====== EXCERPTED DATA
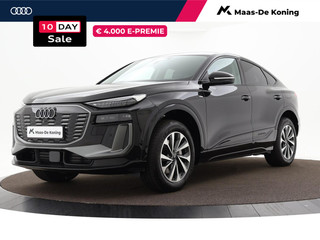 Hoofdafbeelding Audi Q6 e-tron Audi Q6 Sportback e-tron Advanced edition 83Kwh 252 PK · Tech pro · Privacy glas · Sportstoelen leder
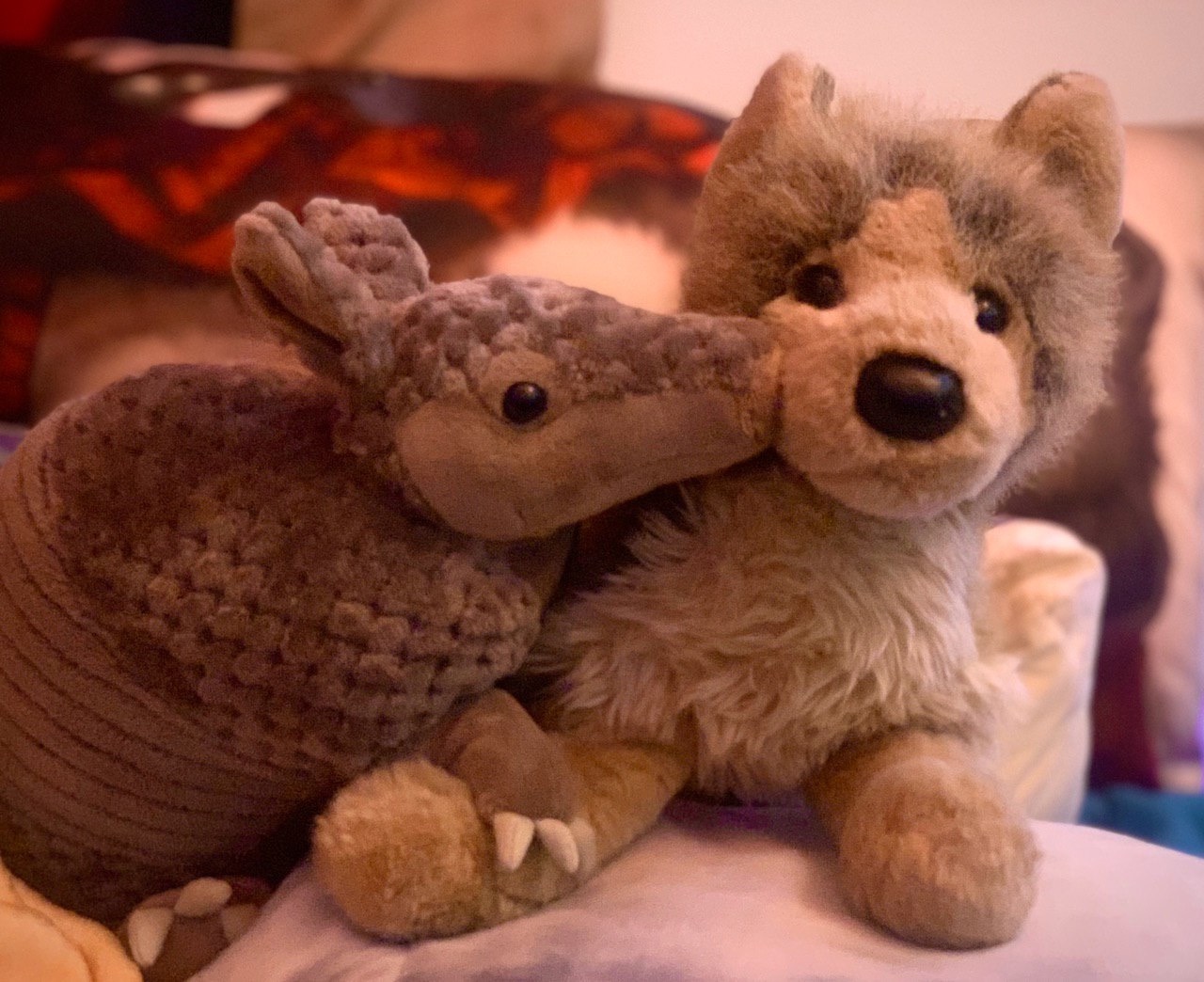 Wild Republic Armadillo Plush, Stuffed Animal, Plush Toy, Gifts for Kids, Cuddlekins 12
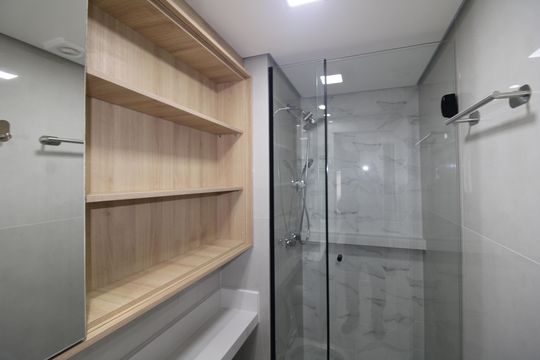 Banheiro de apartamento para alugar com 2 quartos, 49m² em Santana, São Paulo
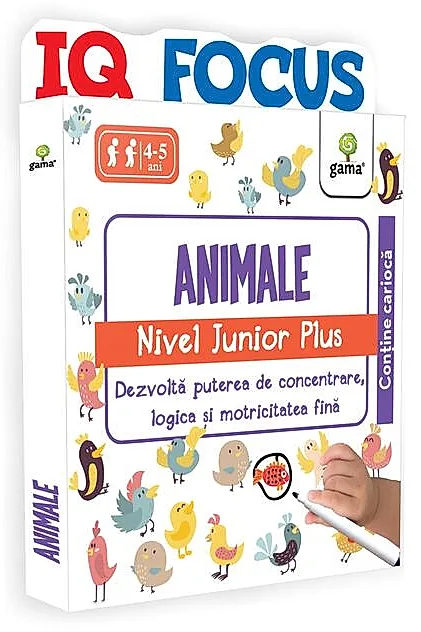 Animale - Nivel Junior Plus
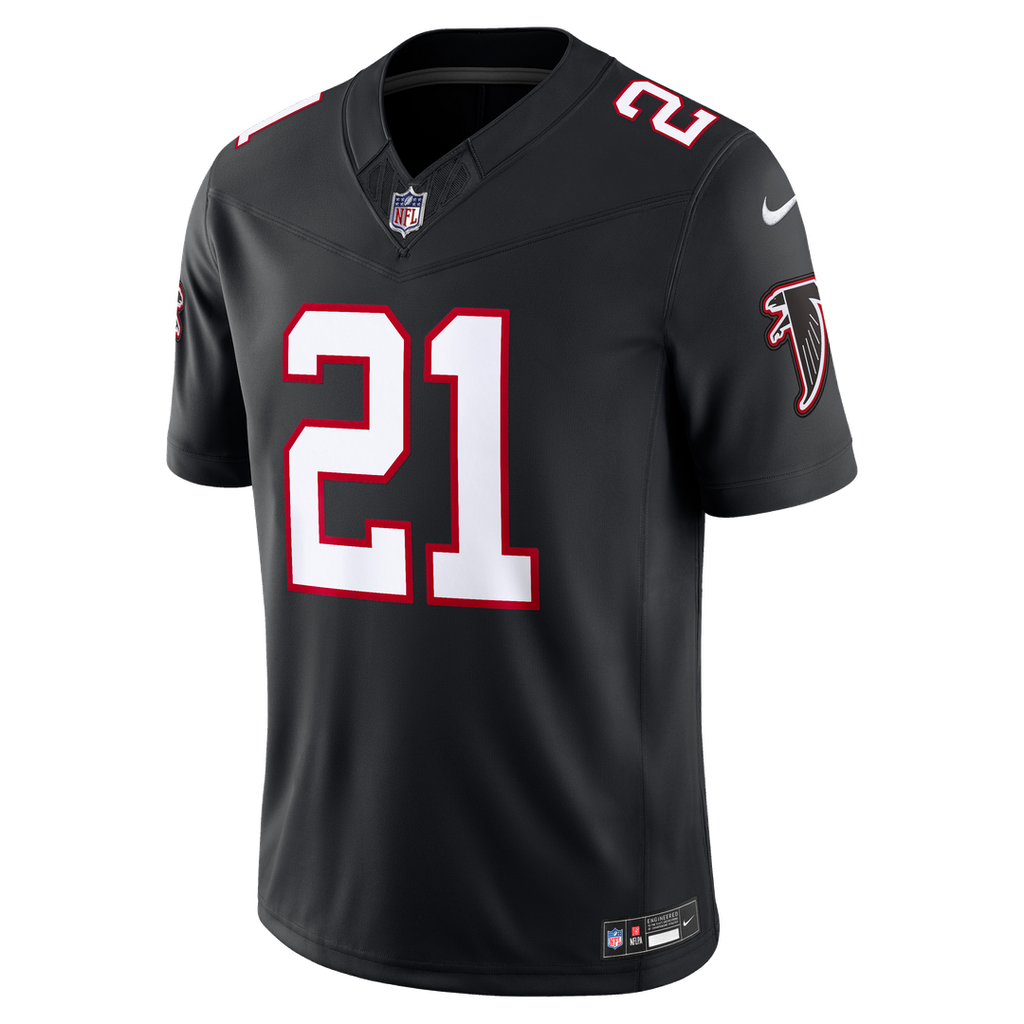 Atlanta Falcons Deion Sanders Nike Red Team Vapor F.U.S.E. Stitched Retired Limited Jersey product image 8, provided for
============
====== EXCERPTED DATA
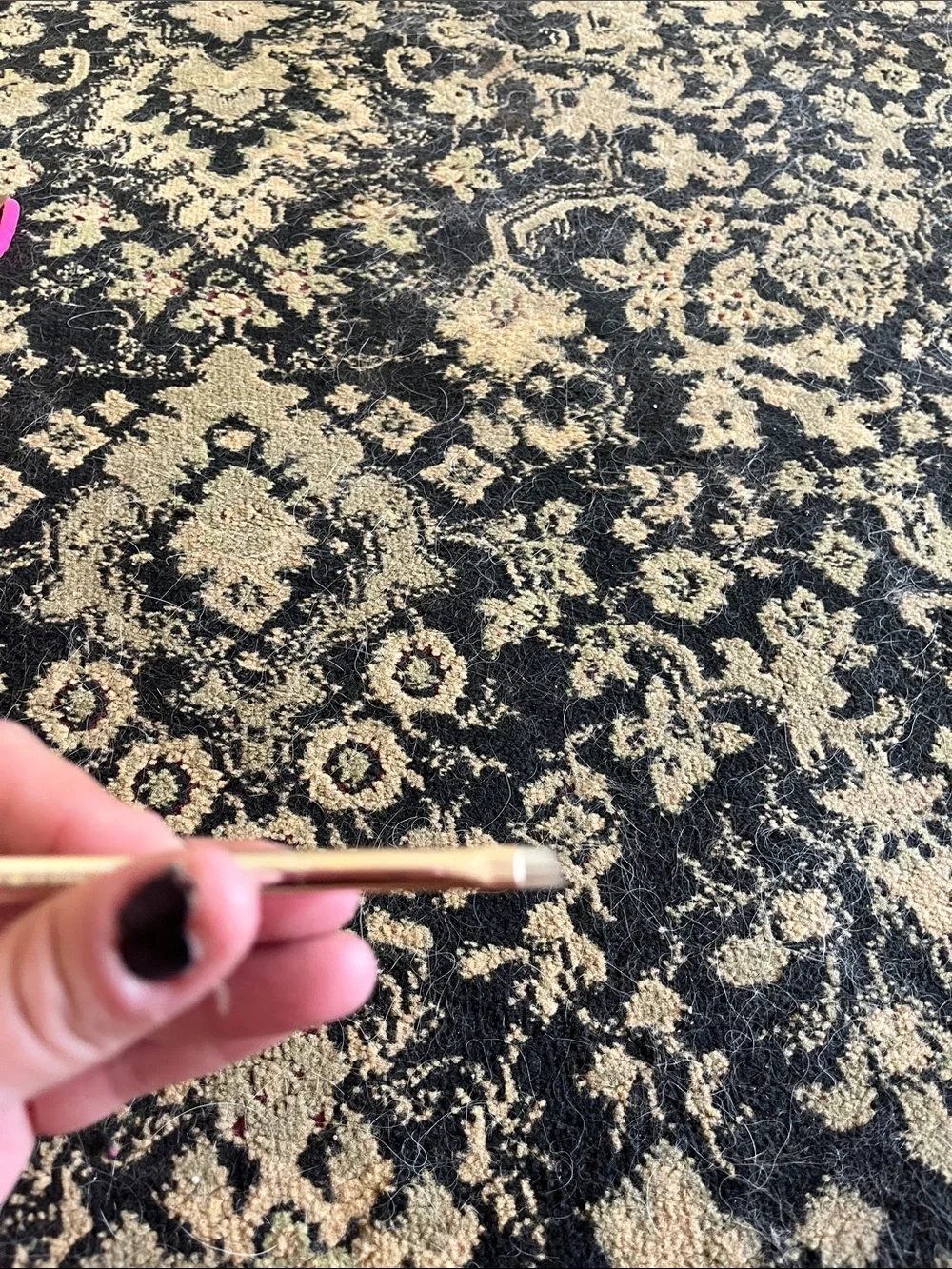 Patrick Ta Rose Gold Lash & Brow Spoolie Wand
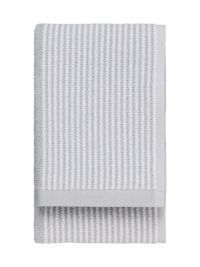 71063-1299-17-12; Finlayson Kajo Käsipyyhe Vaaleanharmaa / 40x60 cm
============
====== EXCERPTED DATA
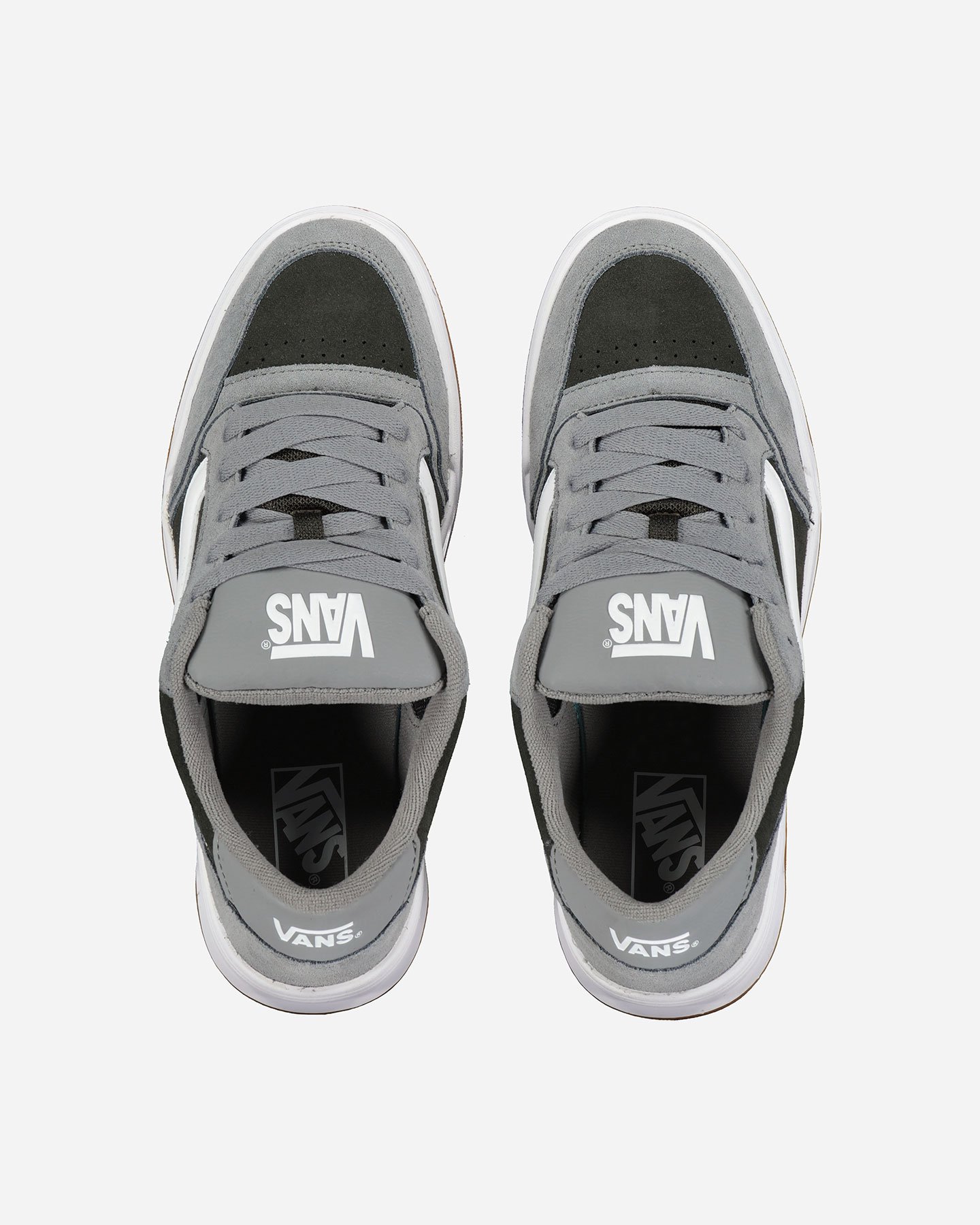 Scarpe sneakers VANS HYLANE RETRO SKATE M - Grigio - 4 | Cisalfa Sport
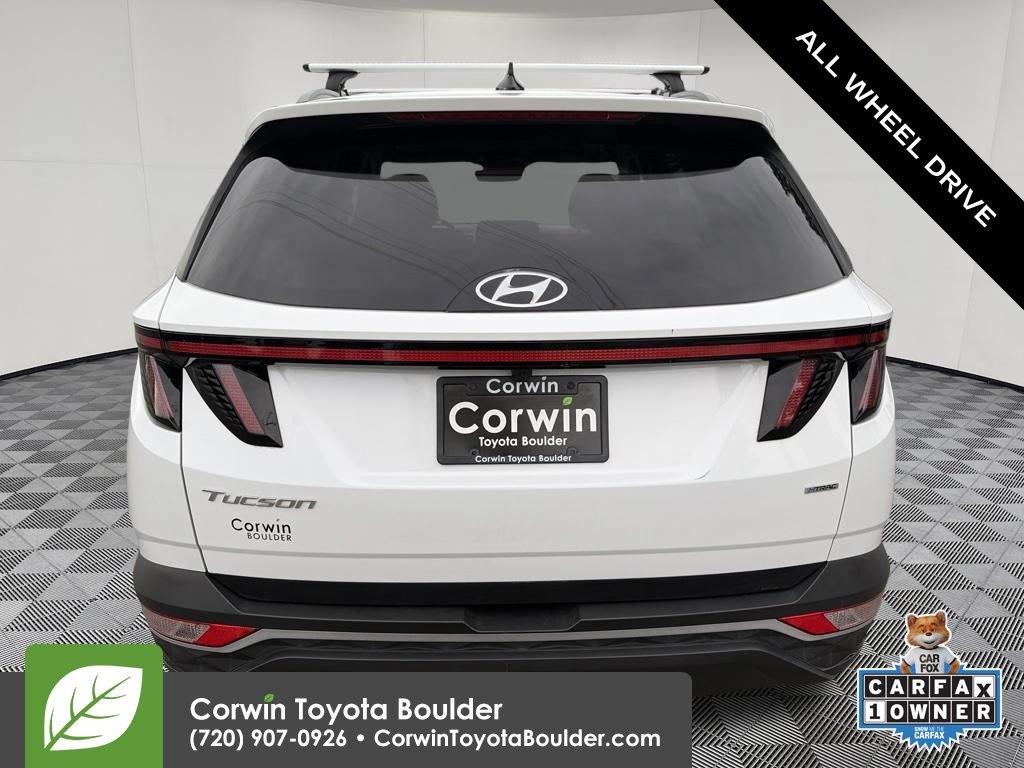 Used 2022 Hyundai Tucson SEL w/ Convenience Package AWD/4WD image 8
============
▶ EXERCISE REQUIREMENTS
Nothing but the lines from the one with "Animale - Nivel Junior Plus" to the one with "Atlanta Falcons Deion" above, both included, should be transcribed, exactly and without pictures.

▶ ANSWER SPACE
 Animale - Nivel Junior Plus
 Atlanta Falcons Deion Sanders Nike Red Team Vapor F.U.S.E. Stitched Retired Limited Jersey product image 8, provided for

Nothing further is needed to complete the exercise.